• **What needs to be done**
Return every entry exactly as written, with the pictures removed.

*** Data supplied ***

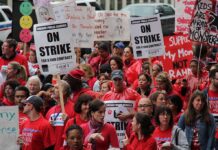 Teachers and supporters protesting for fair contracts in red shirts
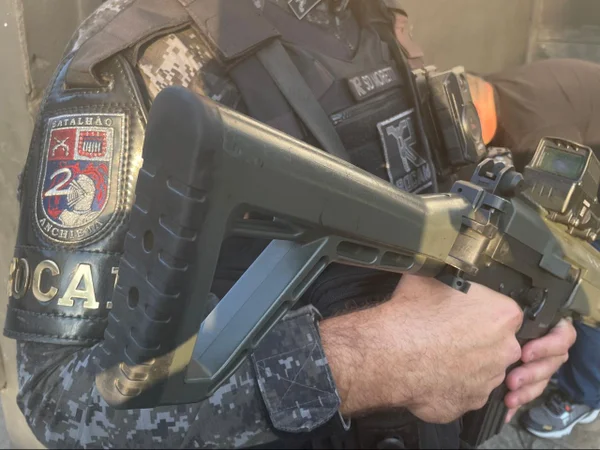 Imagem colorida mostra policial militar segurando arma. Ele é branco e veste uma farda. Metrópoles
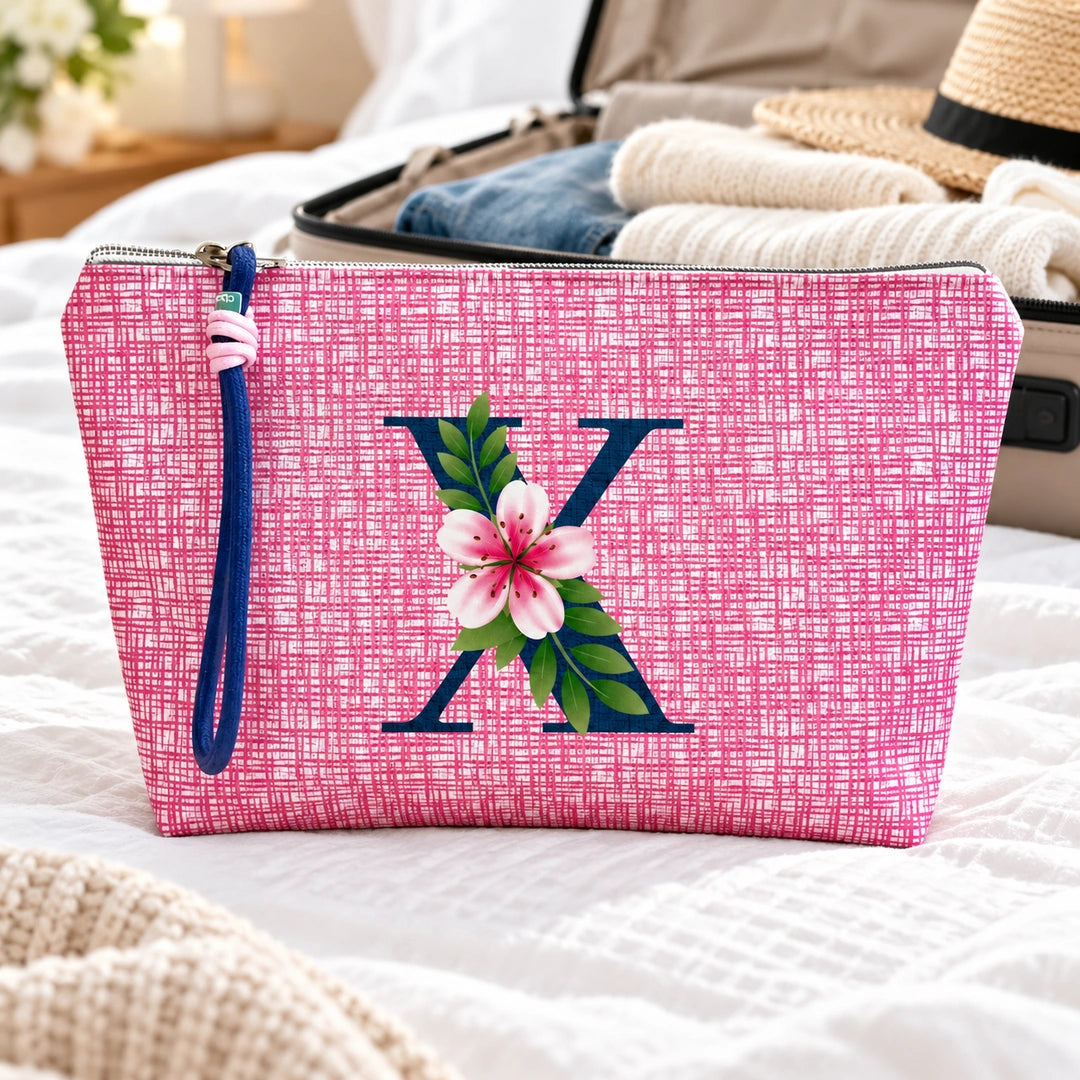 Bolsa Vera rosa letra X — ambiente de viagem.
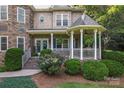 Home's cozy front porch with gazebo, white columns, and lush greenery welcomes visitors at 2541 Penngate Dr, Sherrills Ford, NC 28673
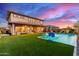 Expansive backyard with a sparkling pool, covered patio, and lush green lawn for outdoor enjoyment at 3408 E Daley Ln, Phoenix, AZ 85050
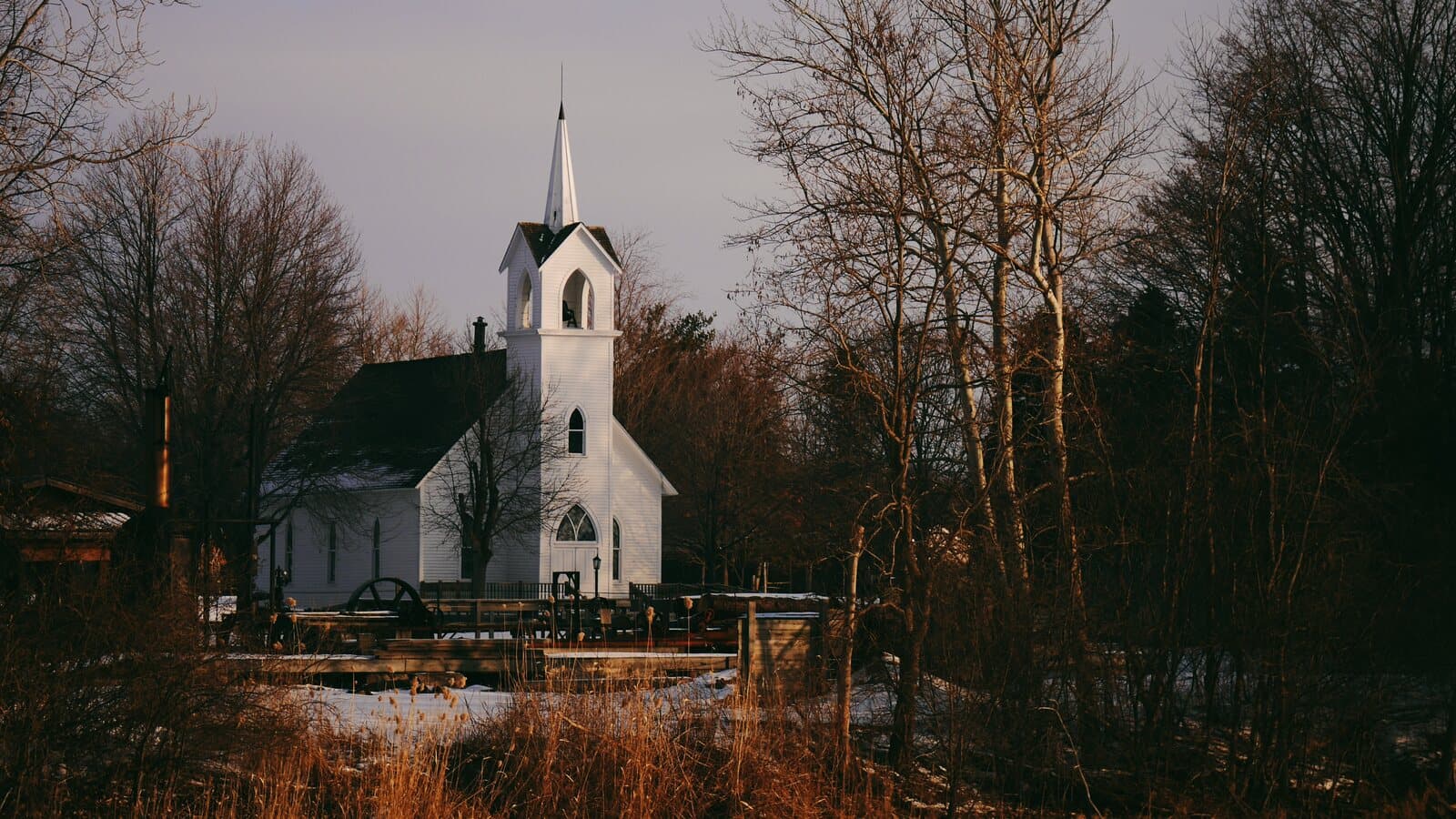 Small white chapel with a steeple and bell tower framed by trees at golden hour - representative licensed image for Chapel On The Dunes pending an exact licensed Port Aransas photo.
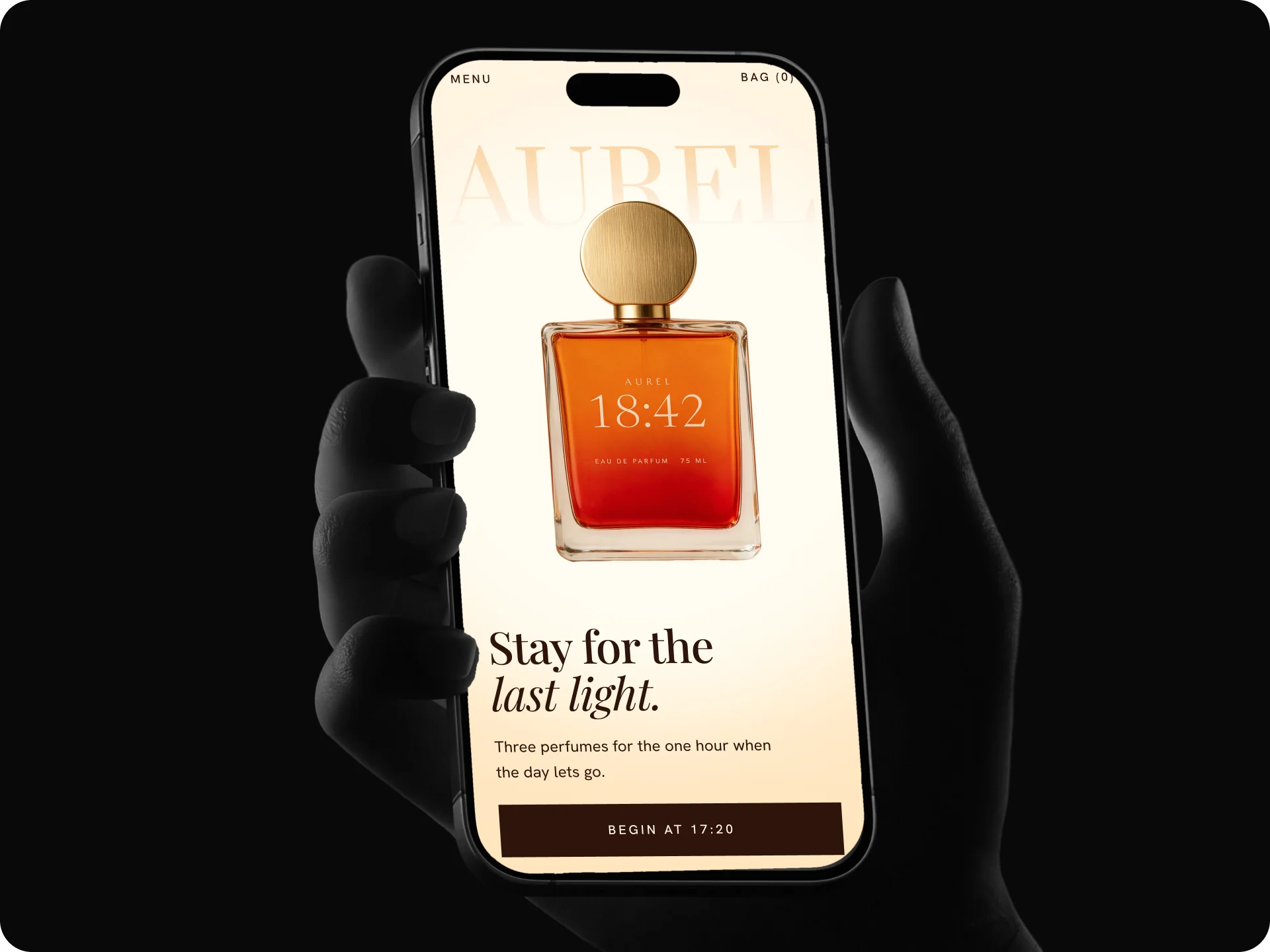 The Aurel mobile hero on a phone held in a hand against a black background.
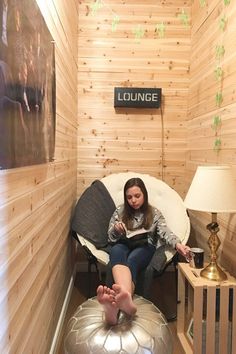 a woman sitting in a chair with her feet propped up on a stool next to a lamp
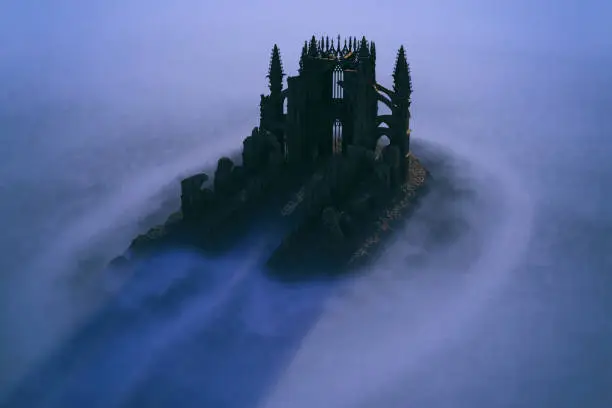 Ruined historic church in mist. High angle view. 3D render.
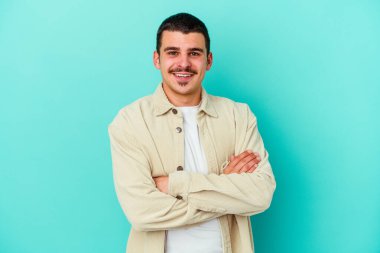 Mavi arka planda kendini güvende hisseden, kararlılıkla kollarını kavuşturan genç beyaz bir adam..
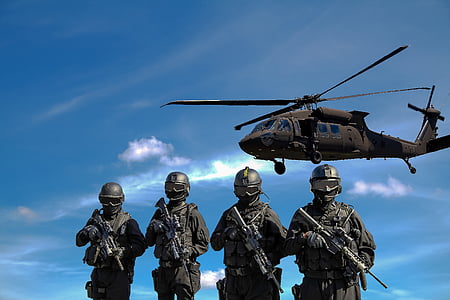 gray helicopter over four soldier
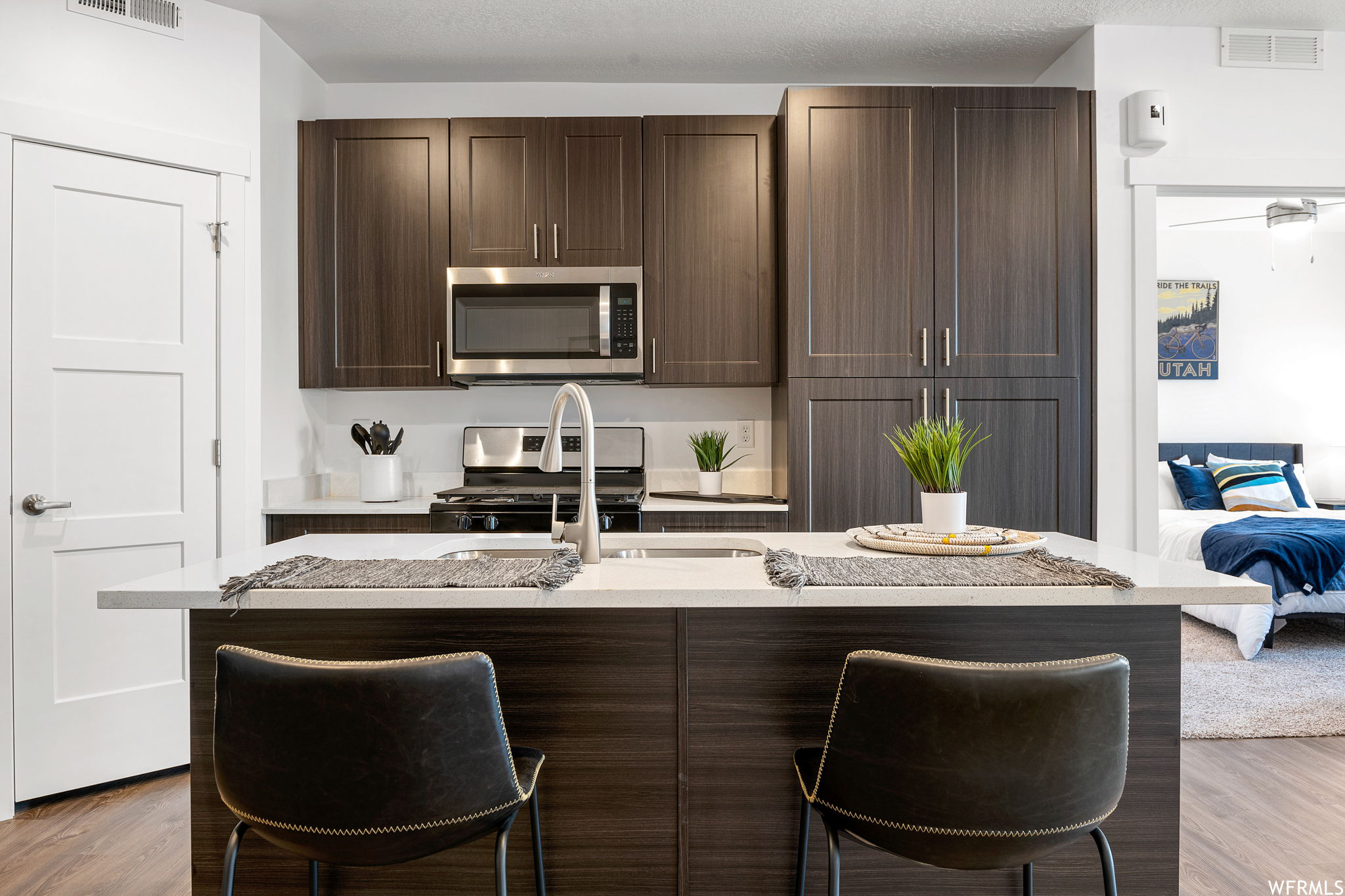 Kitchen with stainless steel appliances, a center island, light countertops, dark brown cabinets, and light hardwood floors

***

• **Task solution**
 Teachers and supporters protesting for fair contracts in red shirts
 Imagem colorida mostra policial militar segurando arma. Ele é branco e veste uma farda. Metrópoles
 Bolsa Vera rosa letra X — ambiente de viagem.
 Home's cozy front porch with gazebo, white columns, and lush greenery welcomes visitors at 2541 Penngate Dr, Sherrills Ford, NC 28673
 Expansive backyard with a sparkling pool, covered patio, and lush green lawn for outdoor enjoyment at 3408 E Daley Ln, Phoenix, AZ 85050
 Small white chapel with a steeple and bell tower framed by trees at golden hour - representative licensed image for Chapel On The Dunes pending an exact licensed Port Aransas photo.
 The Aurel mobile hero on a phone held in a hand against a black background.
 a woman sitting in a chair with her feet propped up on a stool next to a lamp
 Ruined historic church in mist. High angle view. 3D render.
 Mavi arka planda kendini güvende hisseden, kararlılıkla kollarını kavuşturan genç beyaz bir adam..
 gray helicopter over four soldier
 Kitchen with stainless steel appliances, a center island, light countertops, dark brown cabinets, and light hardwood floors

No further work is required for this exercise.